Photo courtesy of People
New mom Christina Aguilera showed off her new baby, daughter Summer Rain, on the latest cover of People this week. The singer looks flawless as usual — and, curiously, so does her baby. The 6-month-old’s pearly pink lips, wax-like skin, and turquoise-blue eyes appear suspiciously airbrushed.
People did not respond to Yahoo Parenting’s request for comment. However, according Stephanie Jones, art director at Yahoo Style, the image has likely been re-touched. For starters, the baby’s eye color, a piercing blue, looks highly saturated and may have been sharpened using a high-pass filter. “That color doesn’t exist in nature,” Jones tells Yahoo Parenting. What’s more, any creases under the baby’s eyes may have been erased and her skin overly smoothed, resulting in doll-like features.

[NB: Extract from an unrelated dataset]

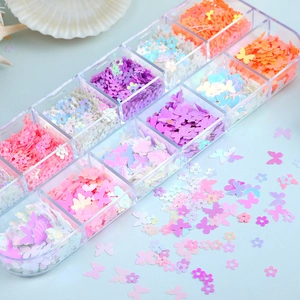 Close-up of 12-grid storage box with colorful butterfly and flower nail art glitter sequins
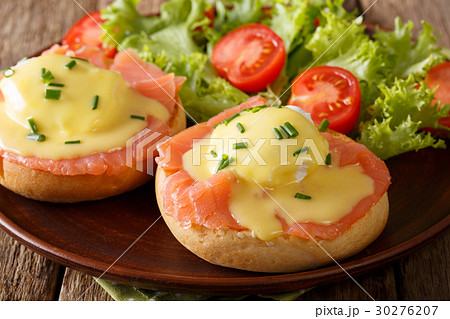 Eggs Benedict with salmon and hollandaise sauce 30276207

Whether or not Summer Rain got any post-production treatment, doctoring celebrity baby photos is not a novel concept. Back in April, 9-month-old Prince George, son of Kate Middleton and Prince William, was featured on the cover of Us Weekly with seemingly lighter skin, eyes, and hair. The magazine (sort of) denied the allegations, sending a statement to Time magazine: “The original image used for the Prince George cover was dark and bluish in tone and needed to be given an overall color shift for printing purposes. By no means did we go in and alter the color of his eyes or cheeks in this process.” And in December 2013, a photo emerged of Kim Kardashian’s baby North West — with perfectly groomed eyebrows. The reality star was accused of doctoring the photo and, worse, waxing her daughter’s brows, a suggestion Kardashian called “sick.”
Still, the People cover seems extreme and it’s sparked controversy on social media. Jezebel asked, “Does Christina Aguilera know she has a fake baby?” And Cosmo U.K. joked, “Rather than disturb Summer Rain, who was having a nap at the time, Christina posed with a series of Cabbage Patch dolls instead.” On Twitter, commenters compared the image to “American Sniper’s fake baby,” calling it “fake” and “scary.”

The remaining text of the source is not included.